> Task to carry out
Each line below needs to be restated word for word.
======== The input ========
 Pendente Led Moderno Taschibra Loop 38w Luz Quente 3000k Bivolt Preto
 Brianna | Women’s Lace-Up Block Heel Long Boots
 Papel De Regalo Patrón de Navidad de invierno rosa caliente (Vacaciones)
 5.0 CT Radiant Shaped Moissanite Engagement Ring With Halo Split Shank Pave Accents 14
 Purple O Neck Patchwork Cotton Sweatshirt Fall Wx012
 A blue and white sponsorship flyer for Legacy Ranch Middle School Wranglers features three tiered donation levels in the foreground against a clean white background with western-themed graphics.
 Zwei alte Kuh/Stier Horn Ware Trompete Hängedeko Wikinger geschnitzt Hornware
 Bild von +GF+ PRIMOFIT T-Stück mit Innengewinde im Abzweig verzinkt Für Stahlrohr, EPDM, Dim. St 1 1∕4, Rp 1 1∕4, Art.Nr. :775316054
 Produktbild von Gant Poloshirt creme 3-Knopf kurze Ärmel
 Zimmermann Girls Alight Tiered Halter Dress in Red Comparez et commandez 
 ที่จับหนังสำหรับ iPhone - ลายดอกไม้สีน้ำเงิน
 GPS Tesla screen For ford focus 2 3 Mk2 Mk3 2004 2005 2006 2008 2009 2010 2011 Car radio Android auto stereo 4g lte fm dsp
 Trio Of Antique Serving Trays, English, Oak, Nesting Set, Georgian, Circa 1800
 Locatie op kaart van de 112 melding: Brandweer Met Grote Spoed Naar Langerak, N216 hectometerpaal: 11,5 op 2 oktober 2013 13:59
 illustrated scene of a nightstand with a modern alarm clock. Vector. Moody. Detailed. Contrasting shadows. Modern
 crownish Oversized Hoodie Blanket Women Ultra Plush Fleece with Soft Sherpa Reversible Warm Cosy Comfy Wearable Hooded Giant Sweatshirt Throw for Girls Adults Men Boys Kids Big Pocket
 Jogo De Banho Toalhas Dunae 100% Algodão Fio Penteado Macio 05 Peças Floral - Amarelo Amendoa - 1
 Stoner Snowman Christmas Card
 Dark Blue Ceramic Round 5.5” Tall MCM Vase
========
> Answer to this task
 Pendente Led Moderno Taschibra Loop 38w Luz Quente 3000k Bivolt Preto
 Brianna | Women’s Lace-Up Block Heel Long Boots
 Papel De Regalo Patrón de Navidad de invierno rosa caliente (Vacaciones)
 5.0 CT Radiant Shaped Moissanite Engagement Ring With Halo Split Shank Pave Accents 14
 Purple O Neck Patchwork Cotton Sweatshirt Fall Wx012
 A blue and white sponsorship flyer for Legacy Ranch Middle School Wranglers features three tiered donation levels in the foreground against a clean white background with western-themed graphics.
 Zwei alte Kuh/Stier Horn Ware Trompete Hängedeko Wikinger geschnitzt Hornware
 Bild von +GF+ PRIMOFIT T-Stück mit Innengewinde im Abzweig verzinkt Für Stahlrohr, EPDM, Dim. St 1 1∕4, Rp 1 1∕4, Art.Nr. :775316054
 Produktbild von Gant Poloshirt creme 3-Knopf kurze Ärmel
 Zimmermann Girls Alight Tiered Halter Dress in Red Comparez et commandez 
 ที่จับหนังสำหรับ iPhone - ลายดอกไม้สีน้ำเงิน
 GPS Tesla screen For ford focus 2 3 Mk2 Mk3 2004 2005 2006 2008 2009 2010 2011 Car radio Android auto stereo 4g lte fm dsp
 Trio Of Antique Serving Trays, English, Oak, Nesting Set, Georgian, Circa 1800
 Locatie op kaart van de 112 melding: Brandweer Met Grote Spoed Naar Langerak, N216 hectometerpaal: 11,5 op 2 oktober 2013 13:59
 illustrated scene of a nightstand with a modern alarm clock. Vector. Moody. Detailed. Contrasting shadows. Modern
 crownish Oversized Hoodie Blanket Women Ultra Plush Fleece with Soft Sherpa Reversible Warm Cosy Comfy Wearable Hooded Giant Sweatshirt Throw for Girls Adults Men Boys Kids Big Pocket
 Jogo De Banho Toalhas Dunae 100% Algodão Fio Penteado Macio 05 Peças Floral - Amarelo Amendoa - 1
 Stoner Snowman Christmas Card
 Dark Blue Ceramic Round 5.5” Tall MCM Vase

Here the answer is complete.